Die vom EDSA vorgeschlagene „roadmap“ ist sicherlich hilfreich, enthält aber im Grunde keine Neuigkeiten. Die genannten Schritte sind durch die DSGVO und ihre Systematik ohnehin impliziert. Sie sollten jedem datenschutzrechtlich Verantwortlichen, der sich um die Einhaltung der Vorschriften der DSGVO für seine Datenverarbeitung im Allgemeinen und für seine Datenexporte im Besonderen bemüht, bereits bekannt sein und bereits Anwendung finden.
Neu sind jedoch die verschiedenen Szenarien und Anwendungsfälle, die im Anhang zu den Empfehlungen niedergeschrieben sind und einige Möglichkeiten aufzeigen, wie man (nicht) erfolgreich mit den Anforderungen der DSGVO umgehen kann. Darüber hinaus werden verschiedene mögliche „ergänzende Maßnahmen“ zu den „Standarddatenschutzklauseln“ genannt, die in Situationen eingesetzt werden können, in denen diese allein nicht ausreichen (was nach „SCHREMS II“ sicherlich bei allen Datenexporten in die USA der Fall ist). Als solche erfüllen sie den beabsichtigten Zweck, da sie Inspiration und eine Orientierungshilfe bieten – nicht weniger, aber auch nicht mehr.
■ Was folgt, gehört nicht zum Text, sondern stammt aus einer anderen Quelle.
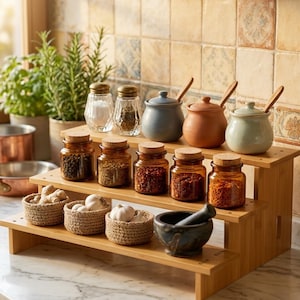 3-Tier Versatile Bamboo Rack | Kitchen Spice & Counter Organizer
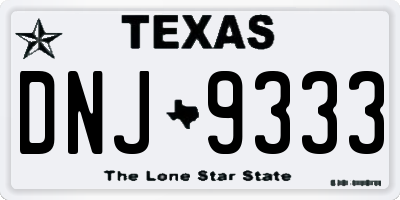 TX license plate DNJ9333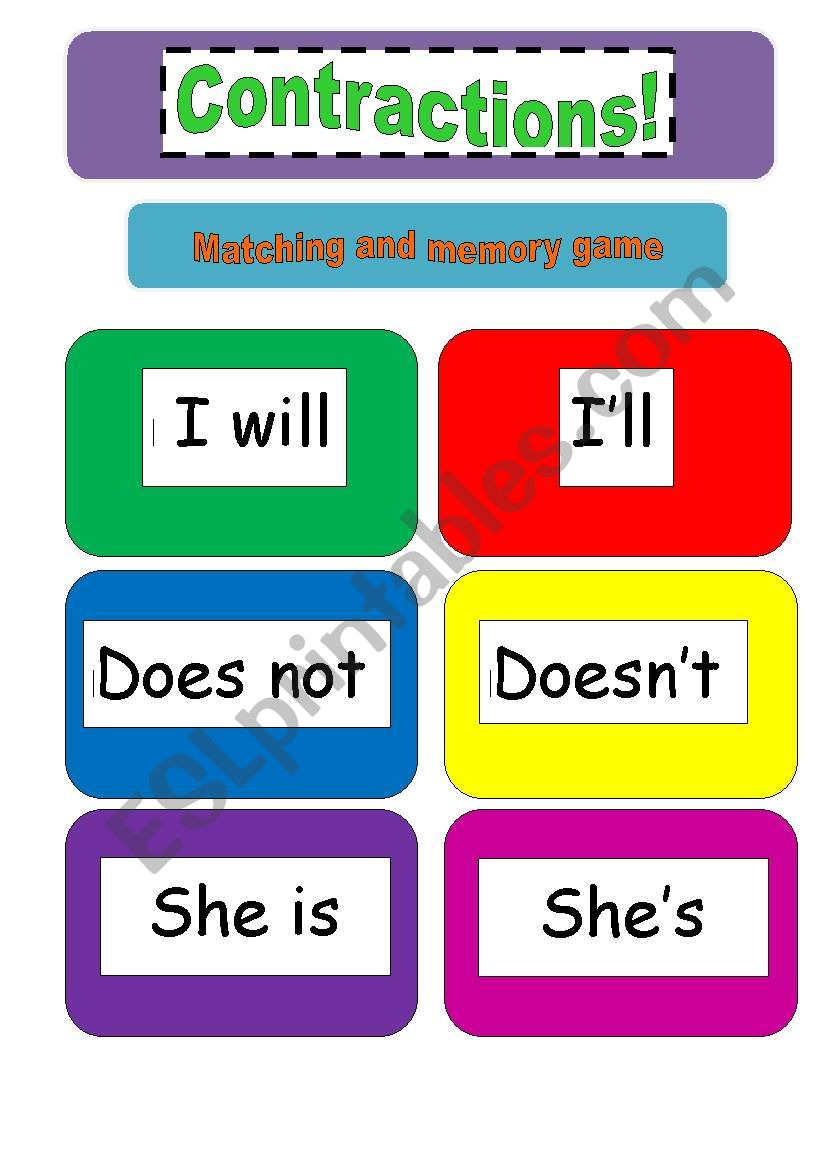 Contractions : memory and matching cards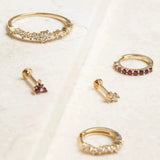 Ruby Huggie 14k gold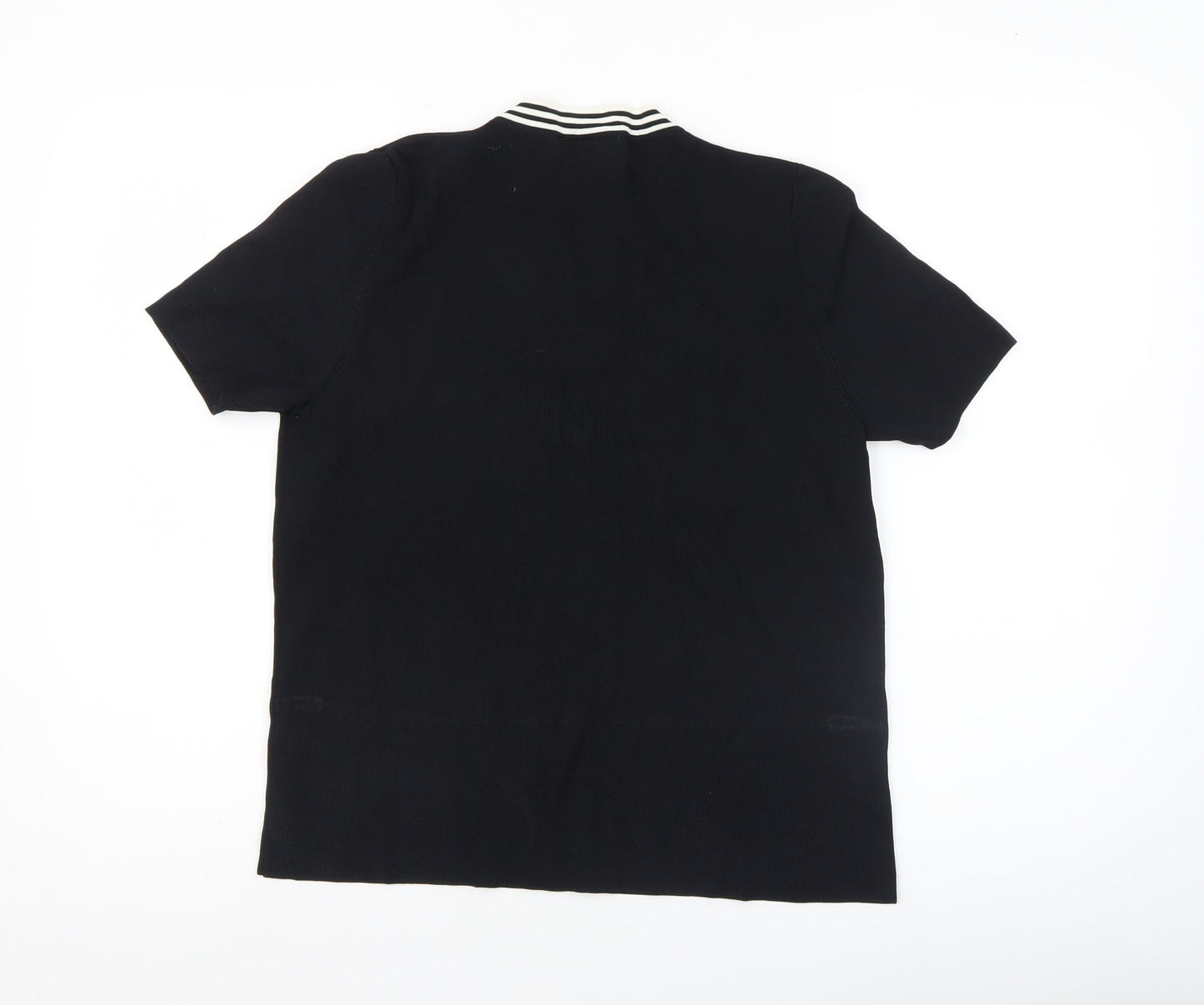 BHS Womens Black Short Sleeve V-Neck Bow Blouse Size 18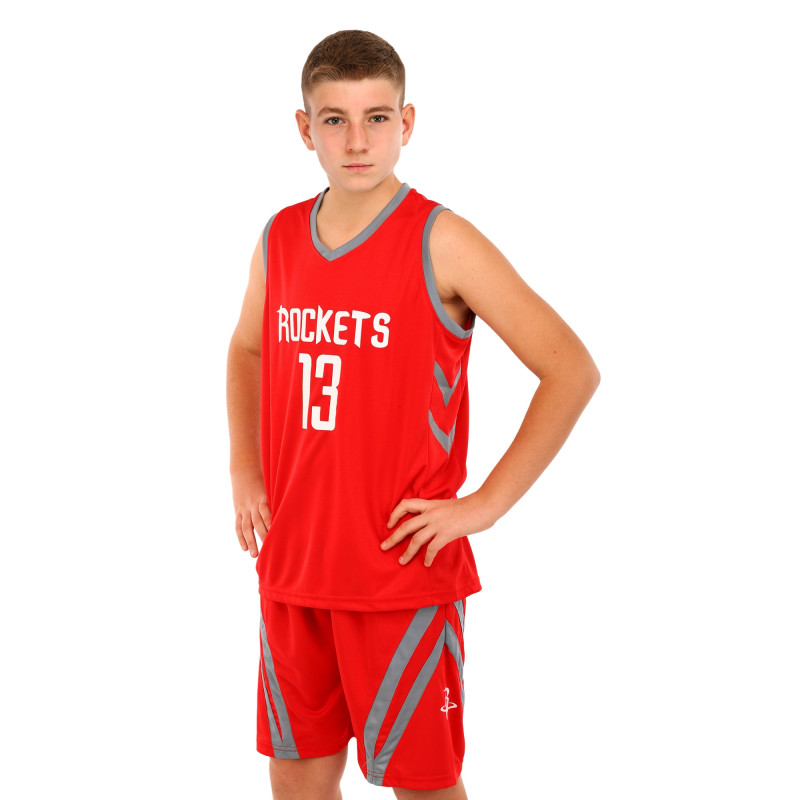 Форма баскетбольна дитяча NBA клуб Houston Rockets 13 BA-6659 S-2XL червоний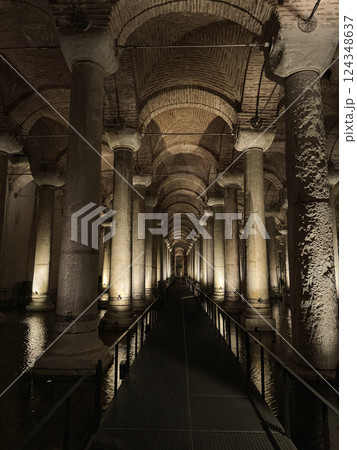 Basilica Cistern with Illuminated Ancient Columns and Water, Istanbul, Turkey Basilica Cistern with Illuminated Ancient Columns and Water, Istanbul, Turkey 124348637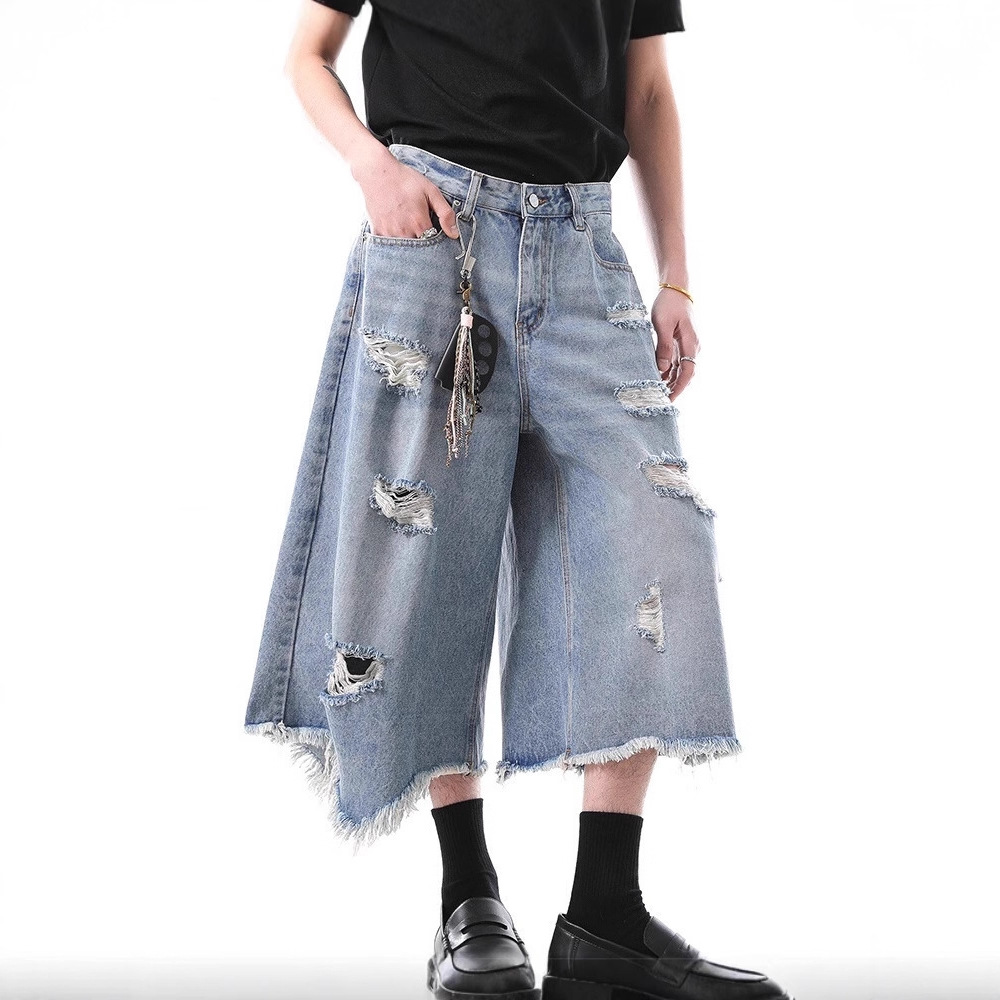 BLANKIN American High Street Vintage Washed Ripped Denim Shorts Casual Loose Wide-Leg Fringed Capri Pants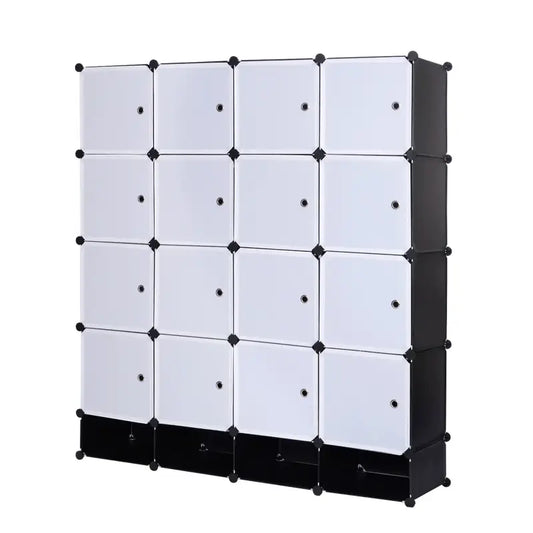 Zwart opbergkast met witte deuren, gevuld met kleding, boeken en handdoeken. Ideaal voor kleine ruimtes, perfect voor kledingorganisatie en persoonlijke spullen.
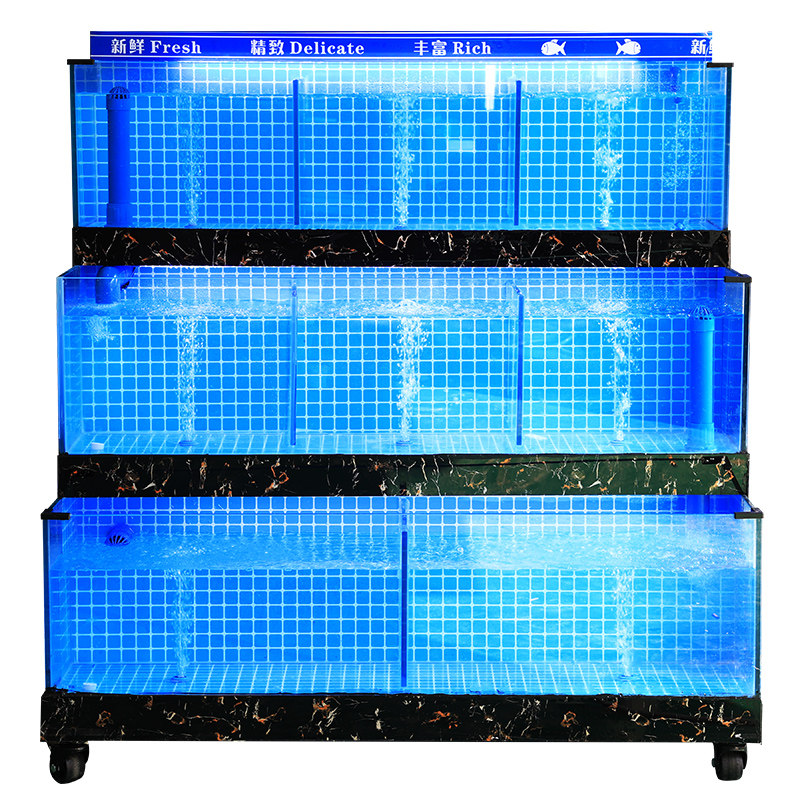 海鲜池商用三层超市酒店餐馆饭店c鱼池移动海鲜鱼缸海鲜缸贝类池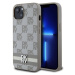 DKNY PU Leather Checkered Pattern and Stripe Zadný Kryt pre iPhone 13 Beige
Insgesamt wird jeder enttäuscht sein, der für seine datenschutzrechtlichen Herausforderungen auf eine einfache und bequeme Lösung von der Stange hofft. Denn eine solche bietet auch der EDSA nicht. Vielmehr betonen die Empfehlungen, dass es so etwas wie eine Lösung von der Stange nicht gibt und auch nicht geben kann: Jeder einzelne Datenexport muss bewertet und ein seinem inhärenten Risiko angemessenes Legitimationsinstrument gefunden, theoretisch aufgesetzt und praktisch implementiert werden. Entsprechend bleibt die Situation der verantwortlichen Datenexporteure unbefriedigend – es gibt keine einfache Antwort und keine schnelle, allgemein gültige Lösung für die Herausforderungen, die die DSGVO für den Datenexport stellt.
Die gute Nachricht ist jedoch: die Abwesenheit konkreter, allgemein gültiger Hilfestellungen gibt jedem datenschutzrechtlich verantwortlichen Datenexporteur auch die Freiheit, selbst zu bestimmen, welche zusätzlichen ergänzenden Maßnahmen angemessen sein könnten. Die DSGVO erlaubt ihm ausdrücklich, von Fall zu Fall selbst zu über die Mittel und Wege zu entscheiden, wie er seinen Datenexport legitimiert – sofern die getroffenen Maßnahmen dem jeweiligen Risiko angemessen sind.